Monday, January 30, 2017

Astronauts & Janet Granite

Our modus operandi is not to drive in order to reach a destination, but to enjoy the journey.  So we take a dirt road south along a abandoned narrow-gauge railroad.  We read that this part of the desert was used to train Apollo Astronauts in anticipation of moon landing.

At this point the road also skirts a military practice range.  A little disconcerting, but the signs are helpful in knowing where the road is meant to be.

The dirt road is a fine adventure - and a good drive until we pass under the trestle nearing highway 111 along the eastern shore of Salton Sea. 

 So many off-road vehicles have cruised here that the road is just rough.  How rough is it?

Bubbe's delight:  I send track & trestle photos to Gabe thinking the train track photos will impress him. I add this one of the jumbled interior of Q after the rough ride.  His reaction, "Pringles!"

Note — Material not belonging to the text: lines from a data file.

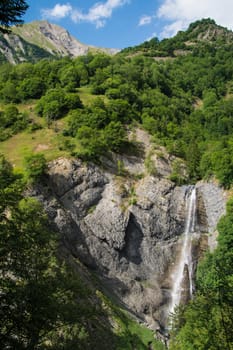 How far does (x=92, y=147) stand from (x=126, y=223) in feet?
37.8

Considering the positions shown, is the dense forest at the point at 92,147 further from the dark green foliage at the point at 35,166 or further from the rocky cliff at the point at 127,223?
the rocky cliff at the point at 127,223

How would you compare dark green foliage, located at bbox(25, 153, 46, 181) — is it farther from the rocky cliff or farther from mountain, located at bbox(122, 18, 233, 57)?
mountain, located at bbox(122, 18, 233, 57)

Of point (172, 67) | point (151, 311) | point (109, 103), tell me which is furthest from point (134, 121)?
point (172, 67)

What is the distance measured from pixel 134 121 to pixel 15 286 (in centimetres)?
5283

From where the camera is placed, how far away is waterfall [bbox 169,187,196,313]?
3934 centimetres

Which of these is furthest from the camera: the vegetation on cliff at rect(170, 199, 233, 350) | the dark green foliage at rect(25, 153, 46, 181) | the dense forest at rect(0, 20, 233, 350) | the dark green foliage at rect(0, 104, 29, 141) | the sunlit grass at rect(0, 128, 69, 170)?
the dark green foliage at rect(0, 104, 29, 141)

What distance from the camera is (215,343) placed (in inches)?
504

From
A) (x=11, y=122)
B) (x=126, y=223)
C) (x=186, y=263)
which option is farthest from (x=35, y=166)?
(x=186, y=263)

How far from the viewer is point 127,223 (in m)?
42.4

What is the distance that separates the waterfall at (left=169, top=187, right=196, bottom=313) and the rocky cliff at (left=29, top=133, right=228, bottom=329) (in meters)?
0.62

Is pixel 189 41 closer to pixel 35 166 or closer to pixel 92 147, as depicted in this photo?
pixel 92 147

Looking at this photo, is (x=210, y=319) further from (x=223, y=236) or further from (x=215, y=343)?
(x=223, y=236)

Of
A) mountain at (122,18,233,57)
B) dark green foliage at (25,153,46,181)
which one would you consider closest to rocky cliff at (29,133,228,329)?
dark green foliage at (25,153,46,181)

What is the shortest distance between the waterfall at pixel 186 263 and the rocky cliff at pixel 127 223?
616 mm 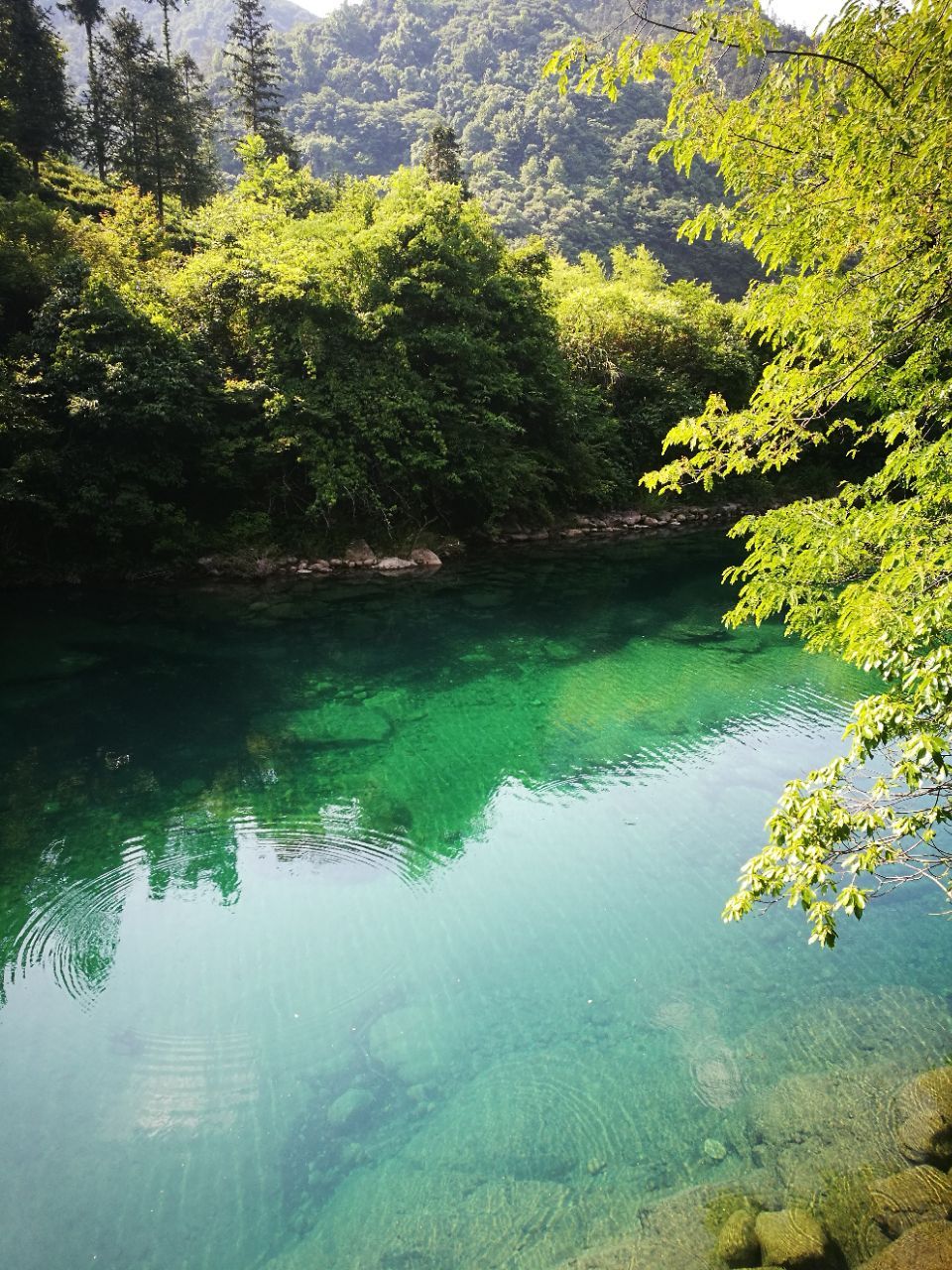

There must be something about meandering in the desert.  Alex periodically changes his name as alter-egos emerge.  Cactus Pete is grizzled and a man of few words.  Still, he is adept at surviving in the desert with little use of external resources.  He scorns cell phone and Internet and can easily read sand and clouds to predict the weather. And finds his way without use of GPS - which isn't available so far from cell phone towers anyway.

The preferred environment of Joshua Trees is high desert.  In the national park, the high desert is decorated with massive granite boulders.  One Monzo Granite is like Cactus Pete, a man of few words, but with a ton of resoluteness appropriate to someone made hefty by rock.  At the heart of both Cactus Pete and Monzo Granite is the truly kind human, Alex.  As long as he is Monzo, I'll be Janet.

We return to camp a night at the Salton Sea as we rest up before heading for Organ Pipe National Monument.